I'm working on vegetation this week. The baby pika are no longer cute and its' still early to photograph grass gathering, so I'll give the little fellas a break from me.
I arrived at West Summit just after dawn and who was there to great me. My mountain fox! The first time we've crossed paths since my camera fiasco. He just sat there in the flowers looking at me, before climbing up through the rocks to disappear.
By the way, I've had to send my camera off for repair.
I spent the rest of the morning working on alpine flowers, then drove to East Summit. It's alarming when one sees how quickly the trees are dying there.
Last fall I photographed clarks nutcrackers and pine squirrels harvesing white bark pine nuts. Those same cone bearing trees are now dead or dying with no end in sight.
I explored some side canyons looking for unusual flowers and anything else I might stumble upon.
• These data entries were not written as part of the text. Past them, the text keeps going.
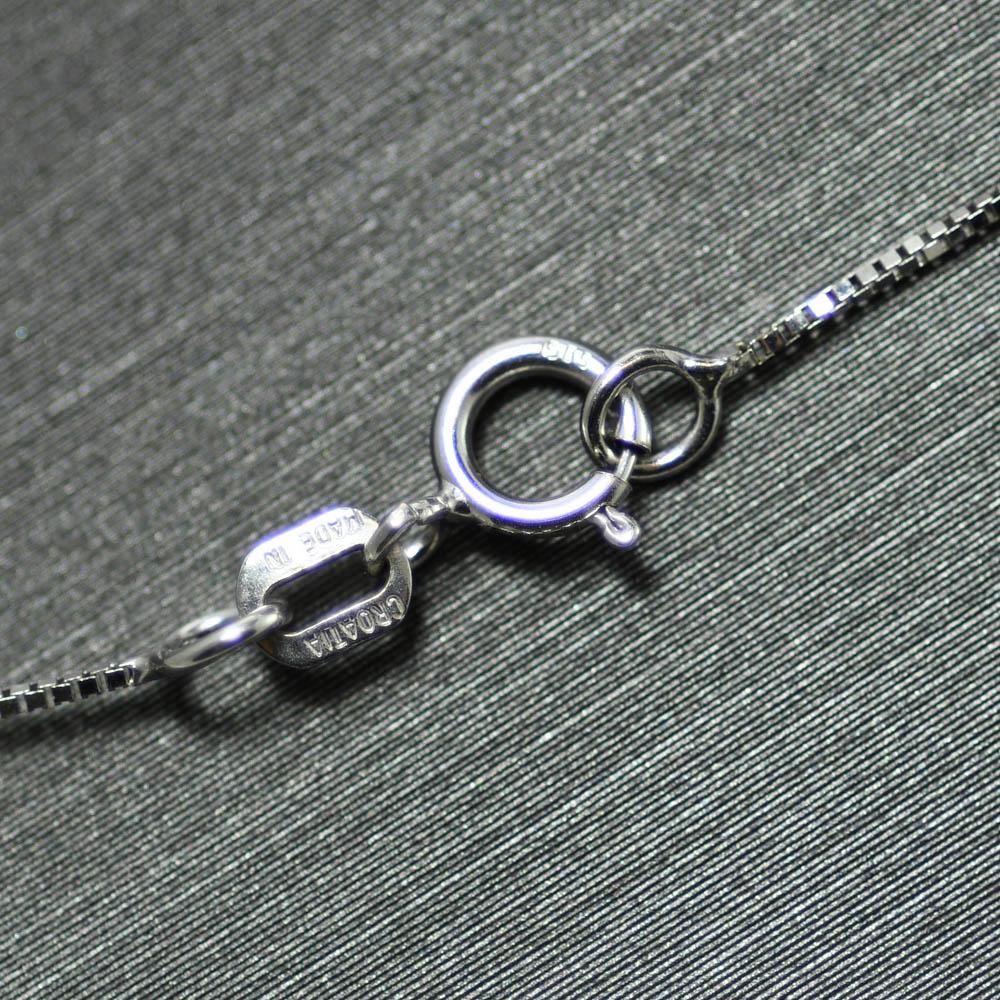 Three diamond pendant necklace in 14k white gold.
Stamped 14k and weighs 4 grams.
The diamonds are round brilliant cuts, .45 total carats, J color on average, Si clarity, and good cuts.
The pendant measures 1 inch long.
The chain measures 17 inches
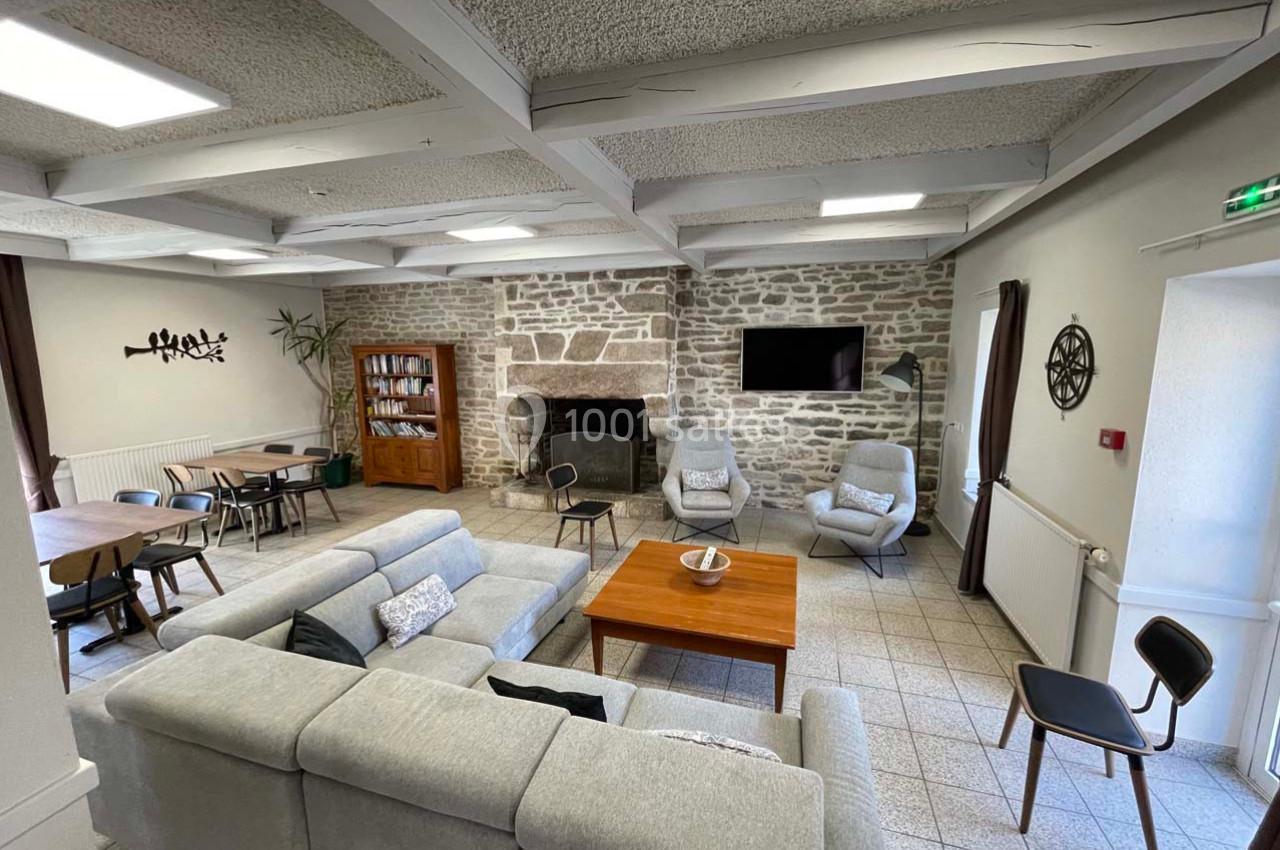 Location salle Plouay (Morbihan) - Domaine de Manehouarn #7 Salon spacieux avec canapé gris, table basse en bois, cheminée en pierre, télé murale et coin repas adjacent.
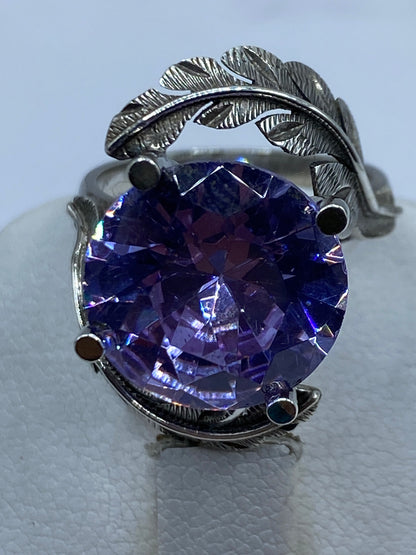 Anillo de plata solitario lavanda en la mano de una mujer, mostrando el brillo y color
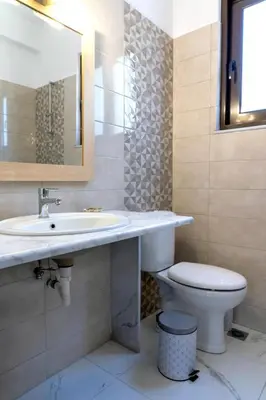 a bathroom with a sink and a toilet and a mirror at Villa Rafaella2 in Koskinou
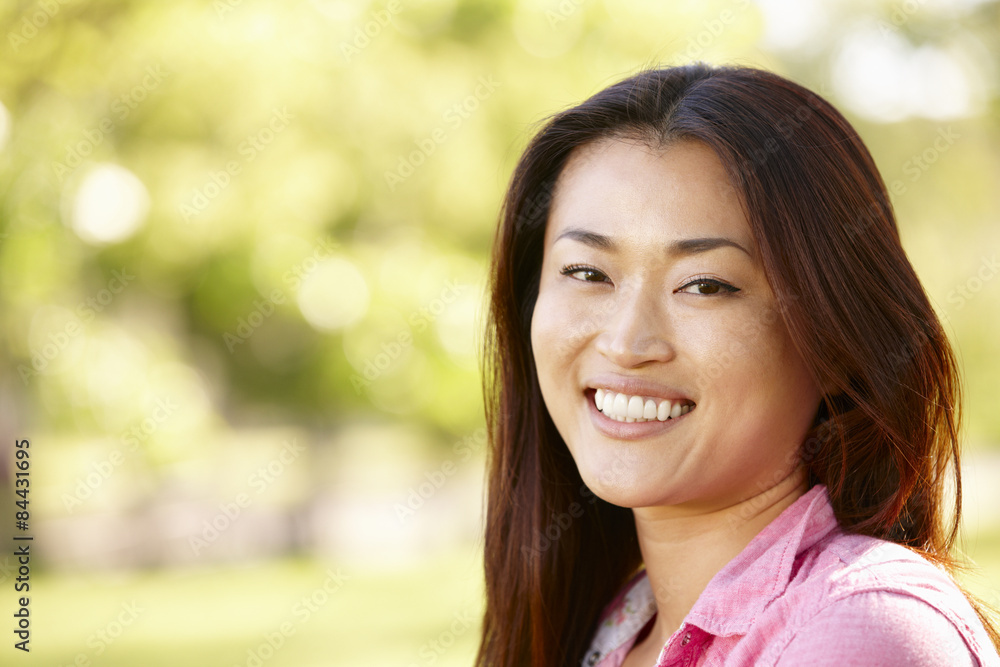 Head and shoulders portrait Asian woman outdoors Head and shoulders portrait Asian woman outdoors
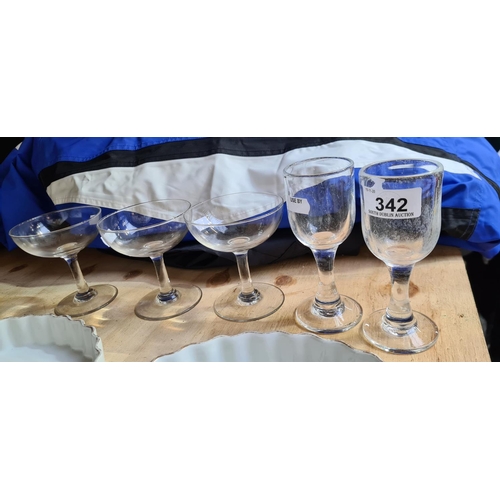 342 - 3 Antique champagne glasses and a matching pair.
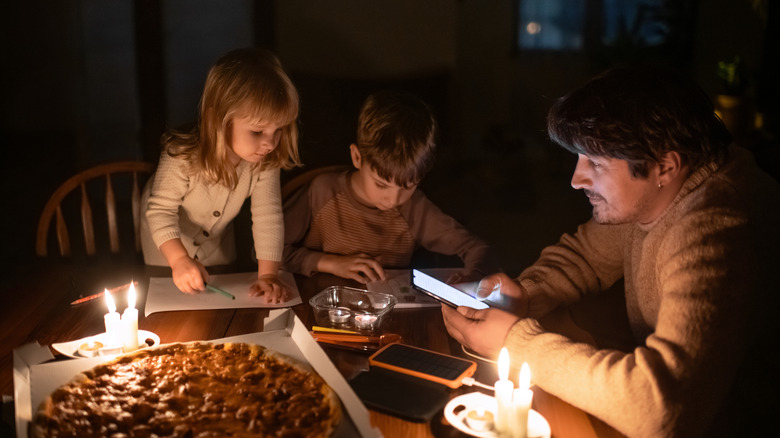 A family sitting around a table during a power outage with candles and a pizza sitting nearby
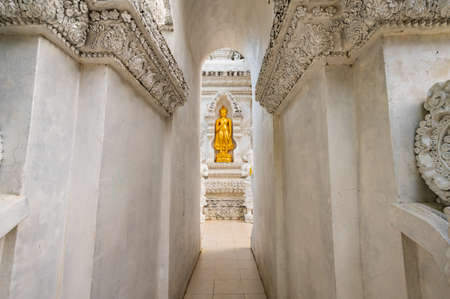 Temple entrance and golden Buddha statue at San Pa Yang Luang temple, Lamphun province.の写真素材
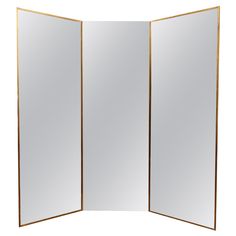 an open folding mirror on a white background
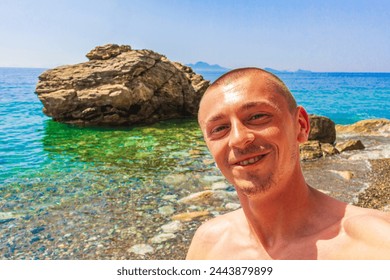 Young traveler hiker with natural coastal landscapes on Kos Island in Greece with mountains cliffs rocks turquoise blue beaches and waves. - Powered by Shutterstock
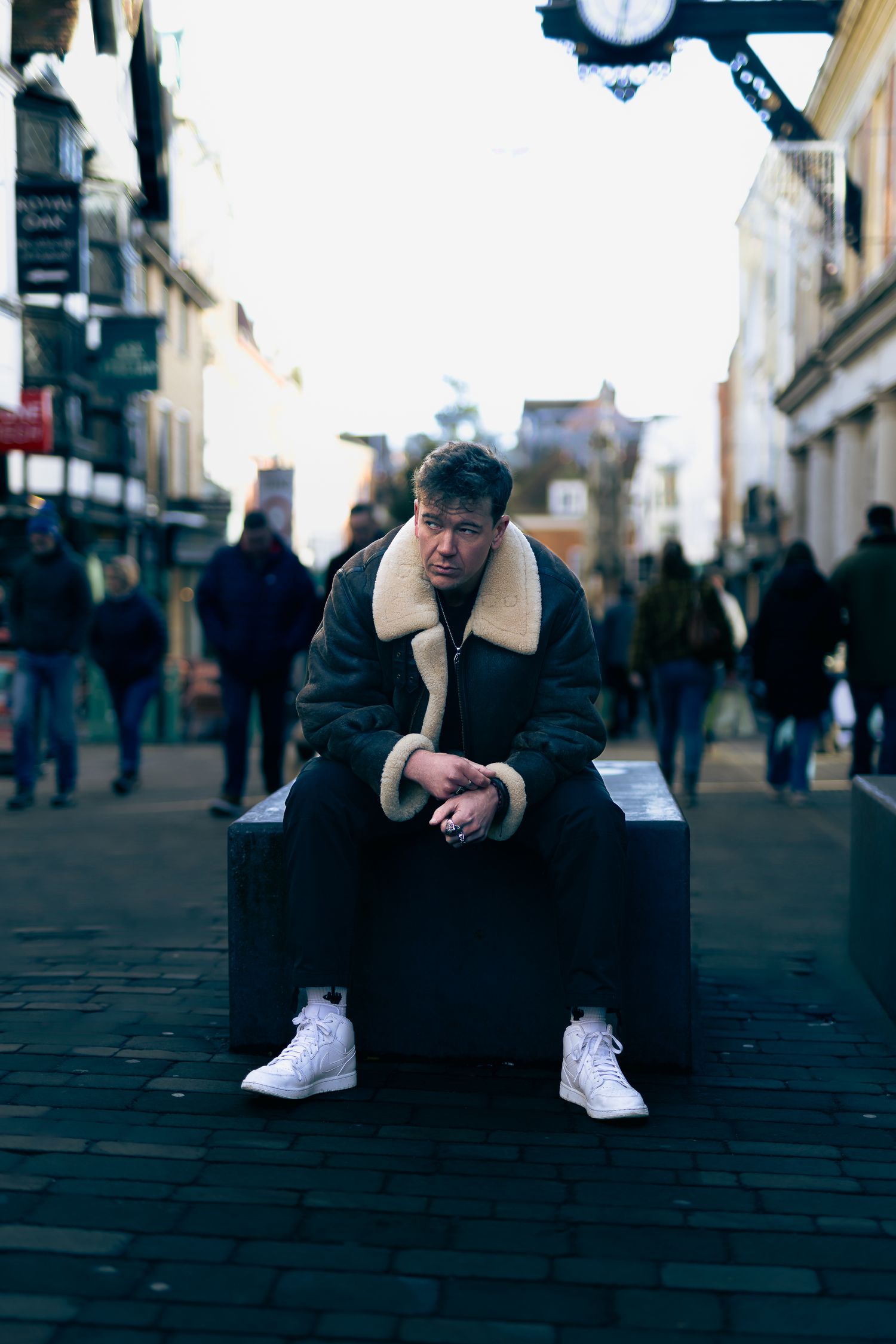 Moody street portrait of a man seated in a busy high street scene, shallow depth of field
And I did find something unusual only it wasn't what I expected. Behind a big boulder in the middle of nowhere lay a bed spring! Now I really can't think of a better place to take a nap, but who would carry this heavy thing way out here?
I drove up Dunraven to work the wildflowers. Along the way I spotted two wolves, (a black and a gray) hunting east of Trout Lake. While on the Pass I checked out the white bark pines. There were cones, but it's not going to be a good year. I saw maybe a dozen or two in some trees. Far from the hundreds we had per tree in the Beartooths last fall.
I'm looking for bumblebees today. Certain species are disappearing and since they have varying tongue lengths, some flowers require these bees for pollination.
Kelly was with me and soon spotted one on a flower. I couldn't get on it in time, then it was gone. Two hours went by and we still hadn't seen another. I decided to make a move. We found a patch of larger flowers and waited. Finally one appeared then another. It took a while but I got the shot.